O Presidente da República - é bom não esquecer que falamos da primeira figura do Estado - veio na sexta-feira passada, em público e por vontade própria, queixar-se à nação das suas dificuldades atuais durante a maior crise das últimas décadas.
A primeira observação sobre estas declarações de Cavaco Silva é sobre uma habilidade. Cavaco omitiu - convenientemente - o valor da pensão que tem do Banco de Portugal, que é assim várias vezes mais que 1300 euros, o que é de uma desonestidade e desfaçatez a toda a prova; Depois está a meu ver a questão que importa mais a quem assiste a isto pela TV, completamente estarrecido: Portugal tem um chefe de Estado em segundo mandato - e que é só o político português com mais tempo em funções na democracia, apesar de Cavaco achar que está fora dessa classe - que não sabe onde está e parece não conhecer o mundo que o rodeia. A primeira figura do Estado em Portugal - só para lembrar - vem queixar-se das suas dificuldades pessoais apesar de ganhar milhares de euros por mês e de uma vida a ganhar excelentes ordenados para a média nacional, num insulto completo ao país. Cavaco certamente não sabe que faz parte dos 5 por cento - leram bem - de pessoas que ganham mais de 2500 euros por mês em Portugal. Aliás, deve fazer parte dos 4, 3 ou 2 por cento que ganham mais de 5 mil; O terceiro ponto é que, ao dizer isto e desta maneira, Cavaco Silva mostra um profundo desrespeito pela função que ocupa e revela - de uma forma ainda mais grave do que no passado - que desconhece as regras a que está sujeito. E que parece que até agora ninguém lhe ensinou.

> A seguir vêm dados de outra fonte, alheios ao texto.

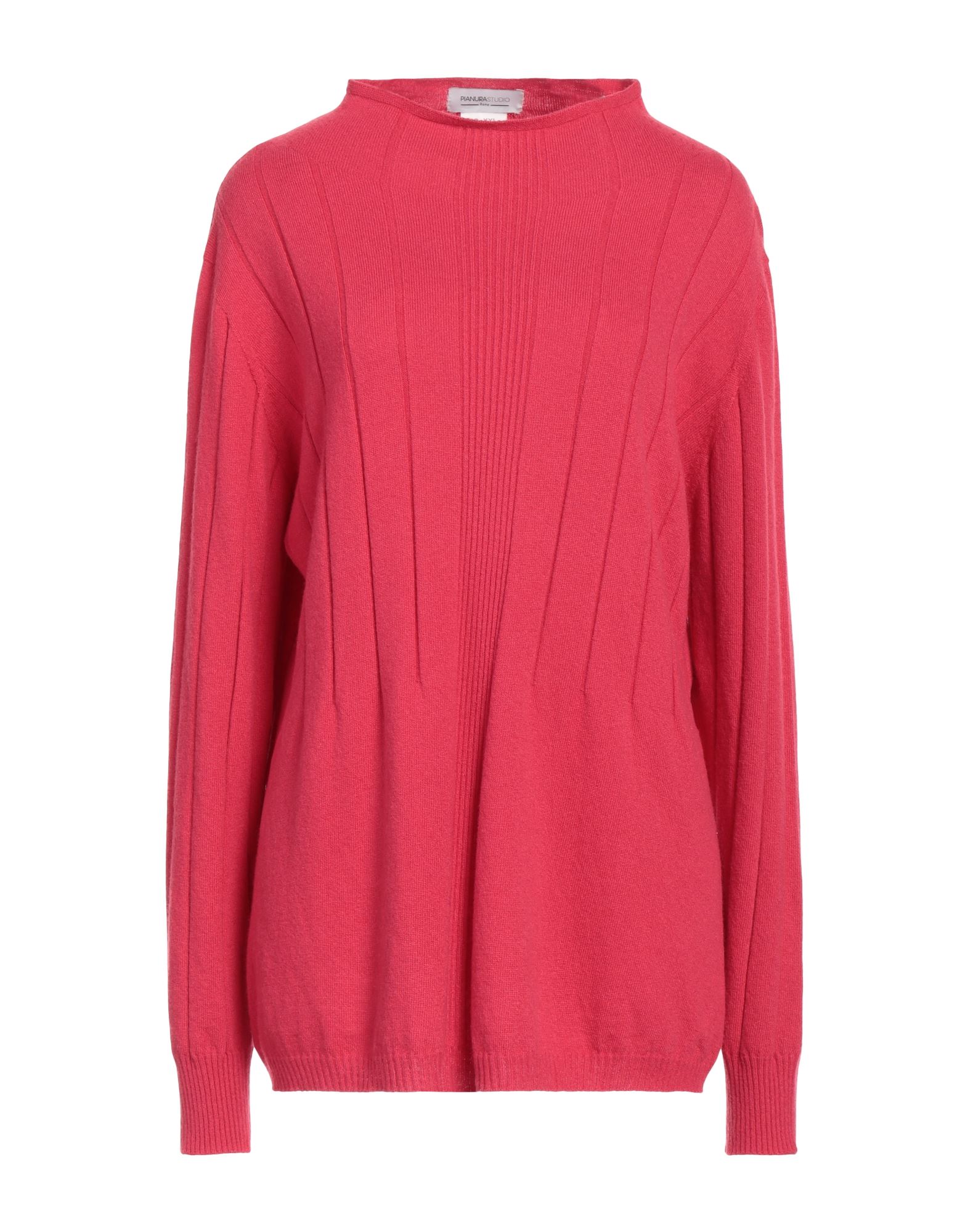 PIANURASTUDIO Pullover Damen Fuchsia von PIANURASTUDIO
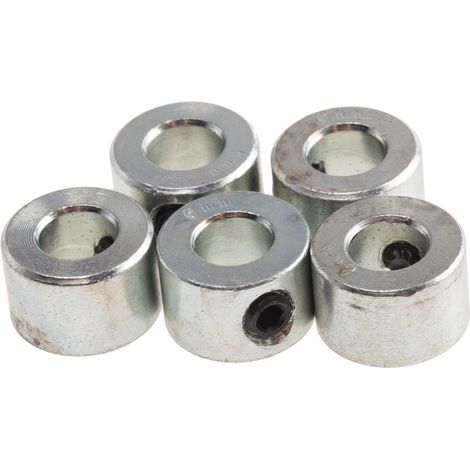 Bague d RS PRO, 6mm, Une pièce, en Acier ( Prix pour Sachet de 5 )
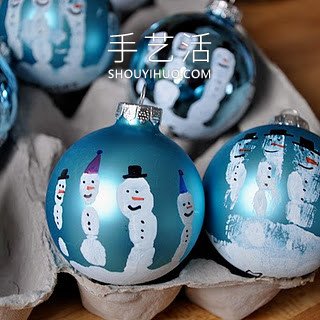 簡單又可愛的手工制作雪人作品圖片大全 -  rpnrmr.com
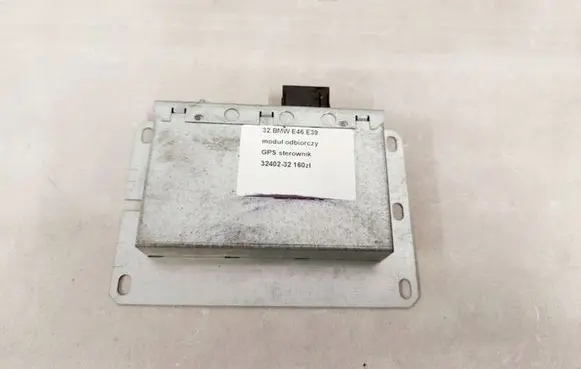 BMW 3 E46 GPS navigation control unit/module 32402-32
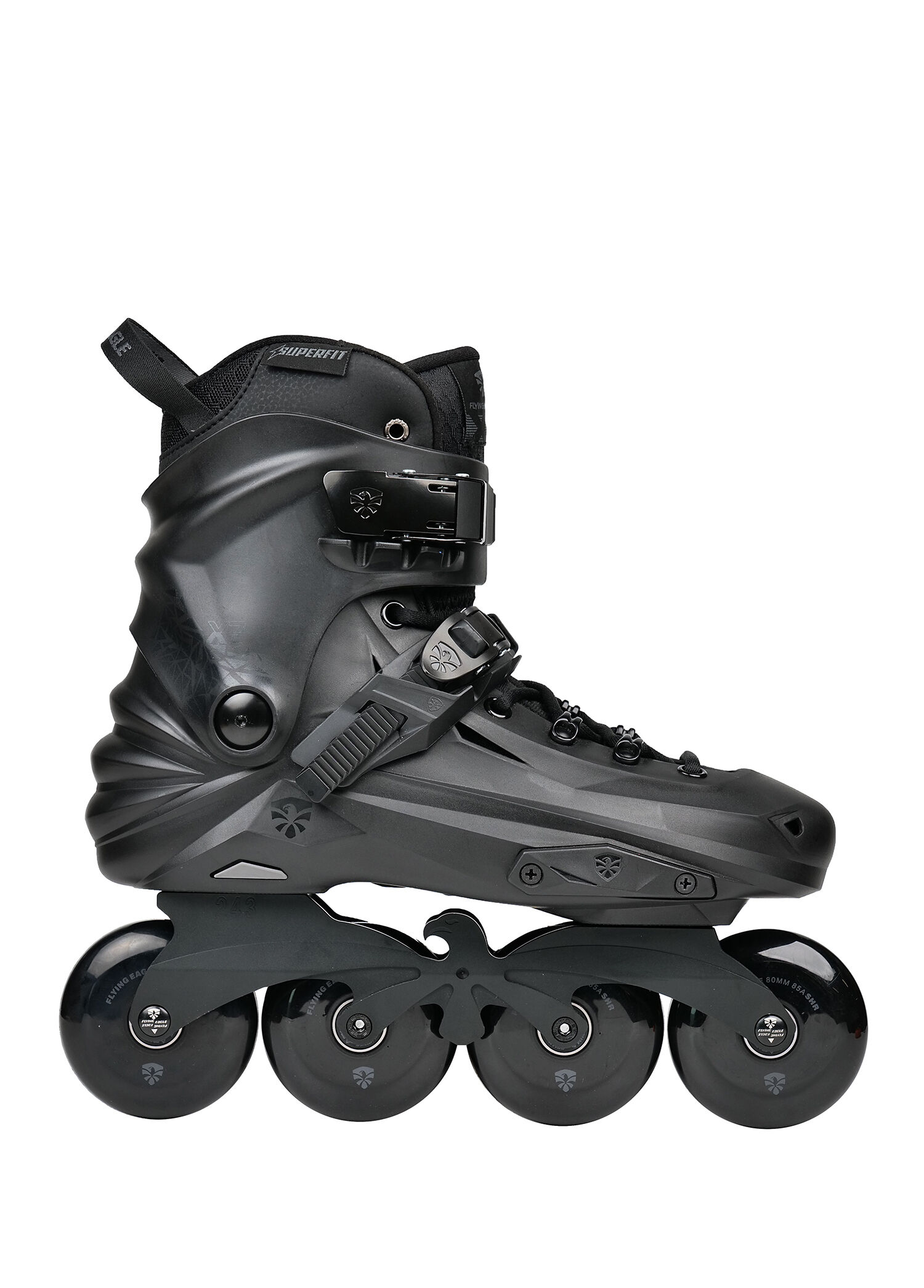 X7F Black Urban Unisex Paten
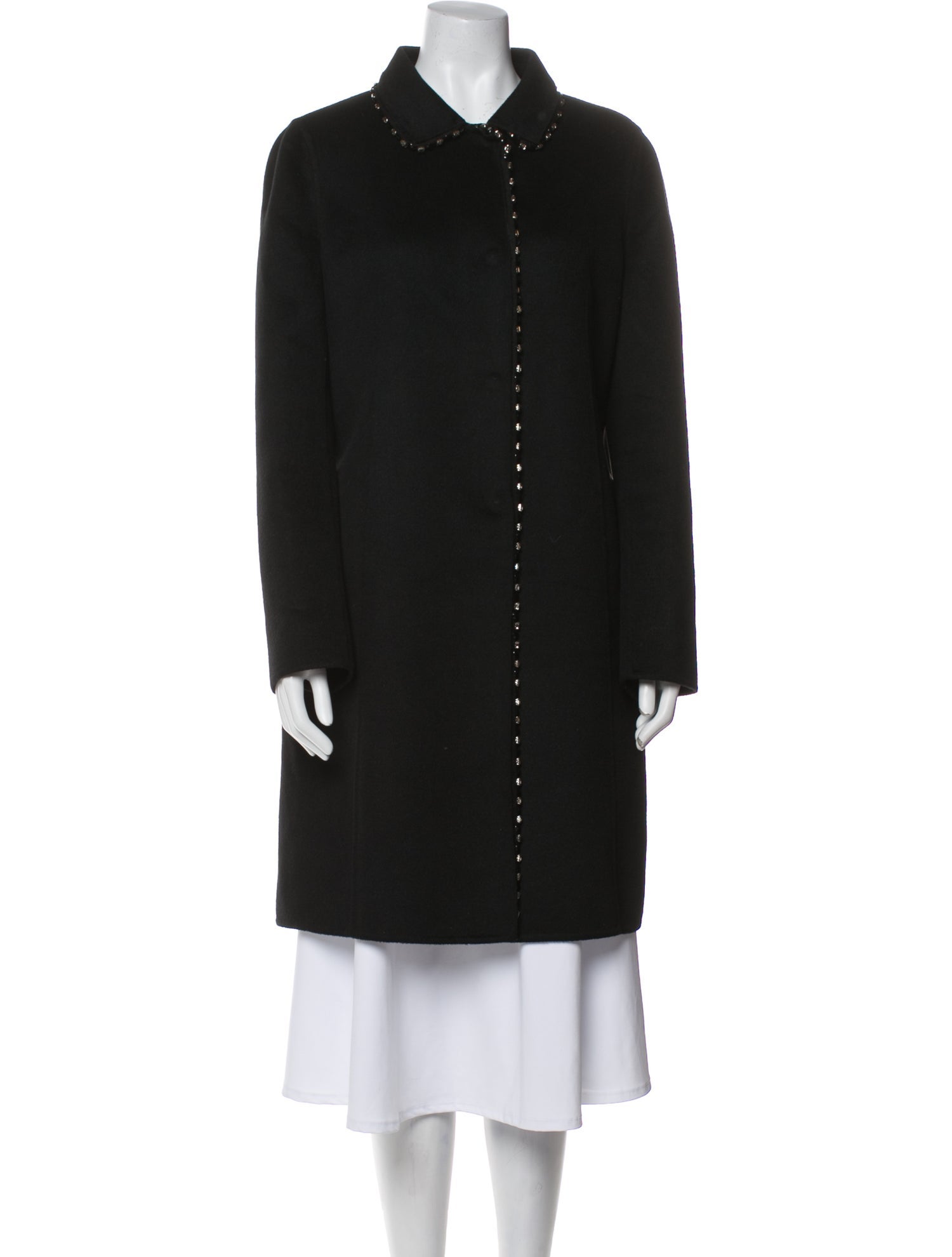 Prada 2013 Virgin Wool Coat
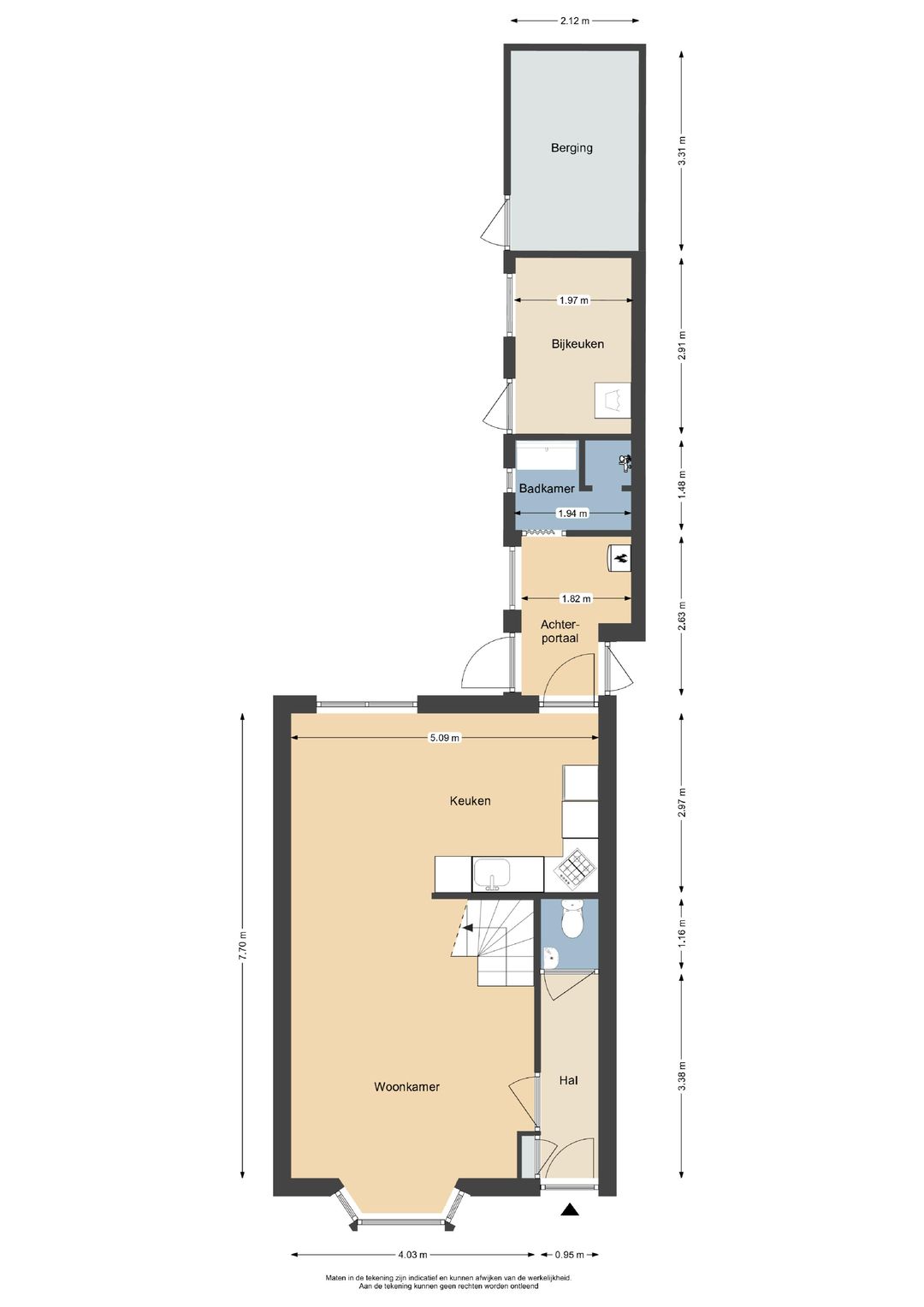 Foto 26 van Kromme Nieuwstraat 5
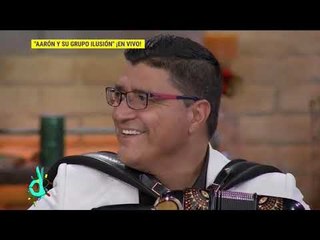¡Aarón y su Grupo Ilusión quiere hacer una colaboración con Thalía! | De Primera Mano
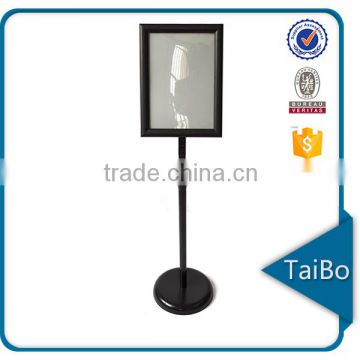 TB-LP-BB1 indoor stand for direction and hotel sign, cardboard sign display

Infelizmente, este novo episódio só confirma que todos os anteriores não foram por acaso: No passado recente, Cavaco tem-se mostrado pródigo neste tipo de declarações infelizes. Há cerca de um ano, durante a campanha das últimas eleições presidenciais, em que foi reeleito, Cavaco fez questão de revelar ao país o valor da reforma da mulher e também parte dos valores em que acredita e da sua mentalidade: "Ela depende de mim". Enfim. Como diria Fernando Lima, assessor do Presidente da República, "uma informação não domesticada constitui uma ameaça".
Já fora do campo das pensões, frases como "Para serem mais honestos do que eu têm que nascer duas vezes" ilustram bem a consideração que tem por si próprio e o que pensa sobre o resto dos cidadãos.
* Só uma coisa, para ficar claro. Talvez pareça, mas eu não tenho nada contra Cavaco Silva. Do que leio, admiro a forma como se empenhou ao longo da vida e como conseguiu ser bem sucedido e prestigiado na sua profissão. Cavaco tem todo o direito a ser como é. Simplesmente um Presidente da República não pode dizer coisas destas em público, falar aos portugueses de assuntos pessoais completamente irrelevantes, de uma forma que revela mesquinhez. Ou então temos um chefe de Estado mentalmente alienado e que não pode continuar a desempenhar estas funções.